As person who actually graduated from college, was a former collegiate student-athlete (on scholarship), youth coach, former academic program director (not athletics, academic degree granting division of major university) and parent, I've known/worked with a lot of students in Nolen's position.
Most of these students had far less time demands (like travel, practices, games, public relations) and public scrutiny (word of the day) than a Gopher basketball player. Most academic issues, not carefully monitored, usually show up between the sophomore and junior year.
I heard that the head of the athletic academic advising office left that position about a year ago and it was vacant until recently. Tubby would have known this and that should have been a big red flag for him and his staff to place closer scrutiny on his student-athletes, especially those with previous academic challenges. I also heard that Nolen (and Williams) were/are not the only players in academic peril.

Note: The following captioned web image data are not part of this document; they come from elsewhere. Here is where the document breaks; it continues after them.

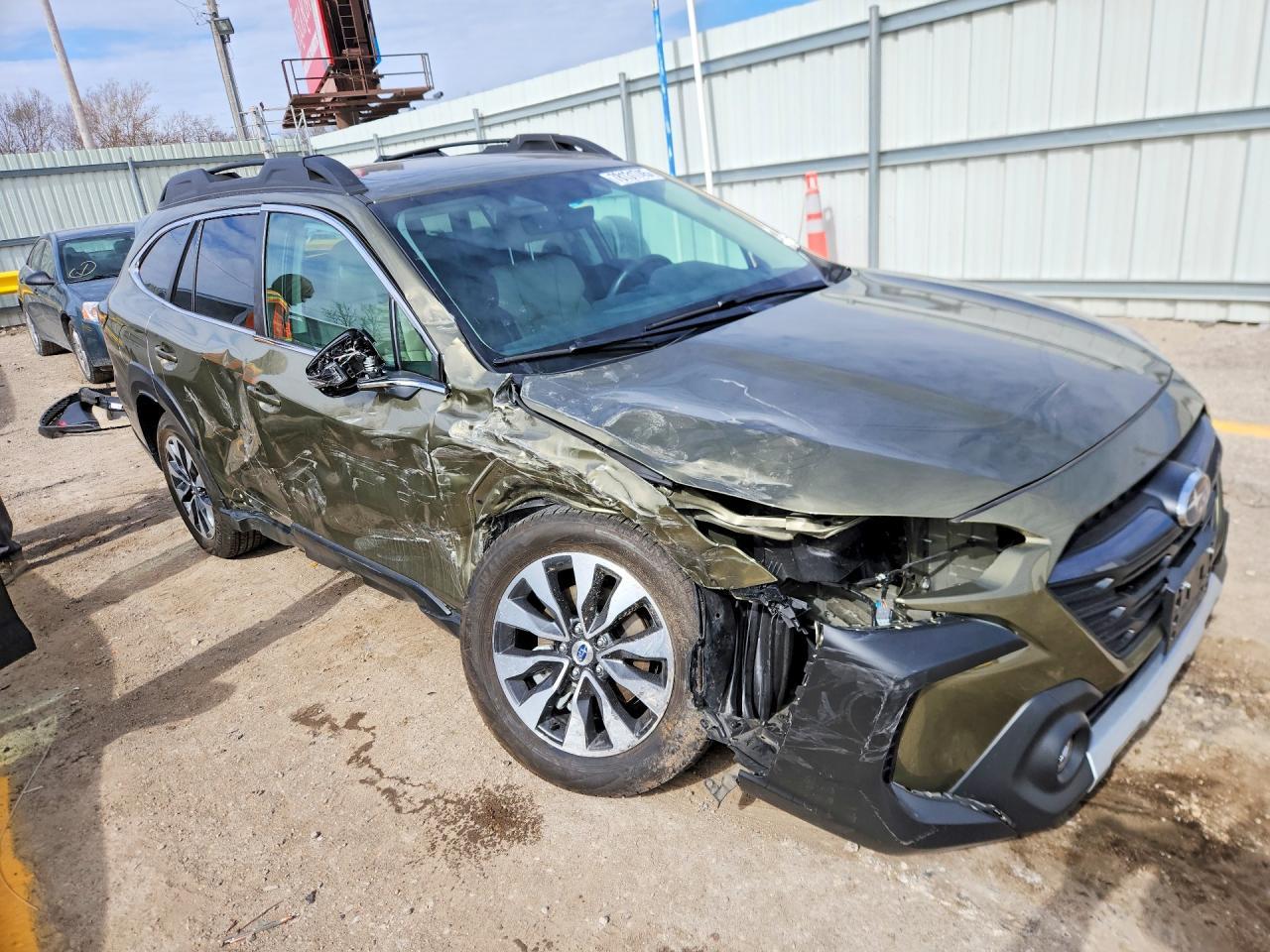 2025 Subaru Outback Limited - zdjęcie 4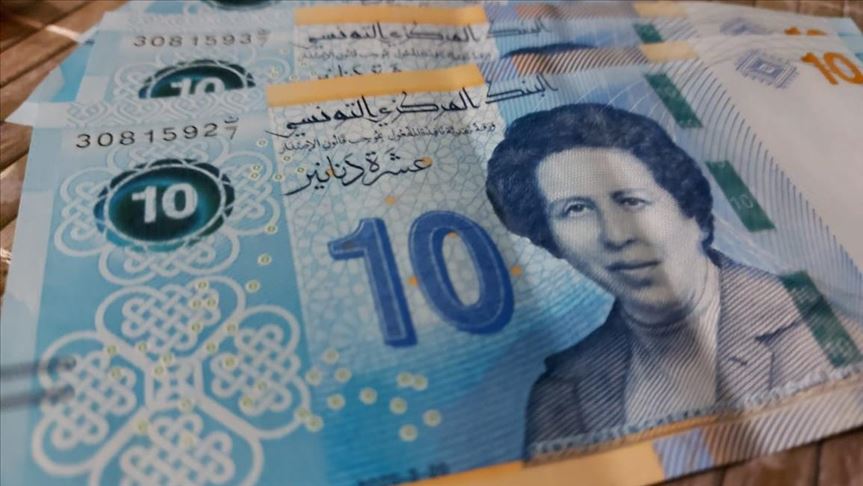 Tunisie : le taux de change du dinar résiste à la crise de la Covid-19 (Reportage)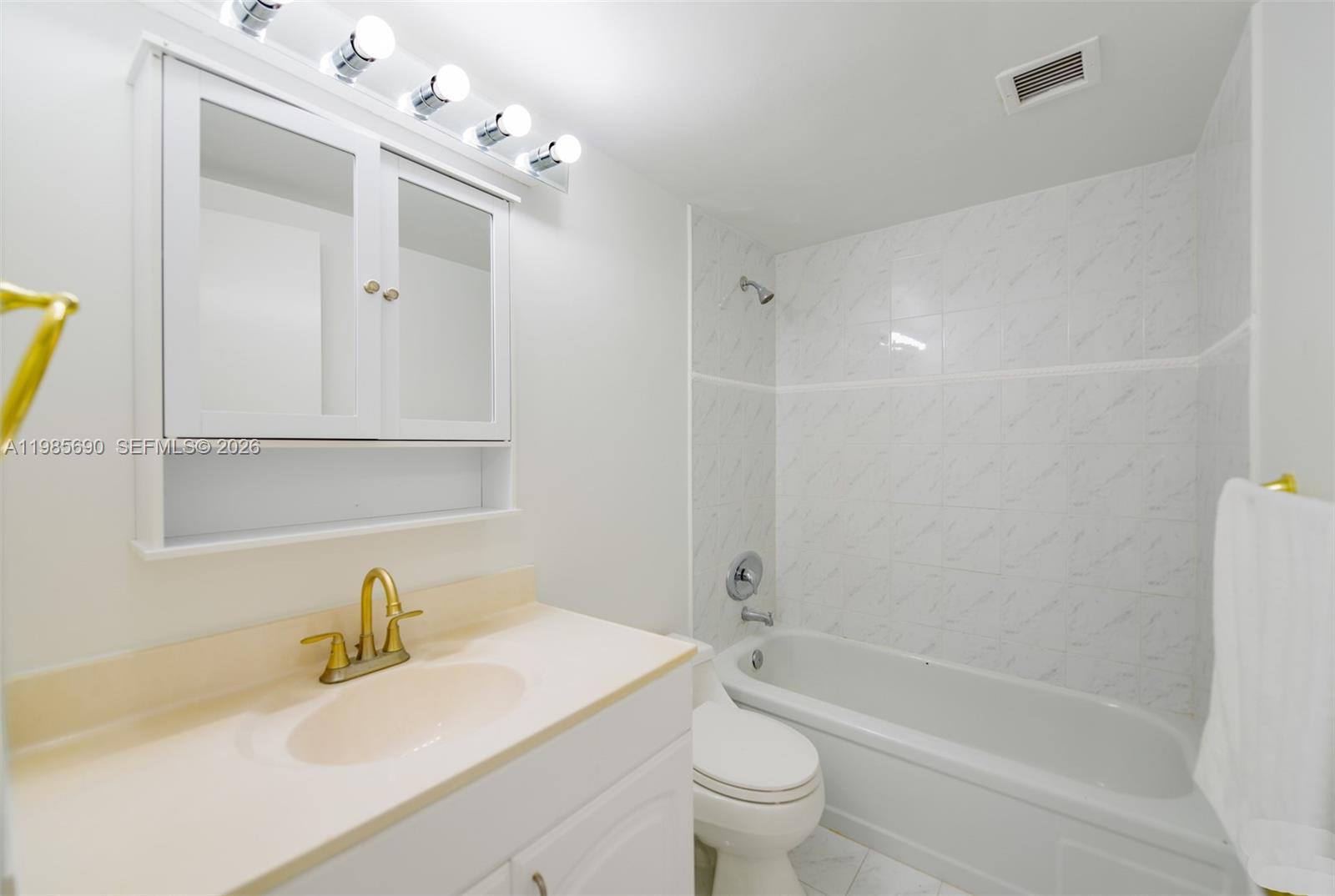 1865 N 79th St Cswy #5H North Bay Village, FL 33141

Any seasoned, experienced coach who really cared about the academic health of his players, would have requested additional University advising support at that time and/or implemented an additional support system. Keep in mind, this key academic program director left sometime between basketball seasons. If Nolen was in academic peril (which he had to have been to become ineligible), it was just as much Tubby's responsibility as it was Nolen's to make sure he got all the support he needed to get academically back on track.
BTW akoch, these services are available to ALL University students either through their academic division office and various academic student affairs offices.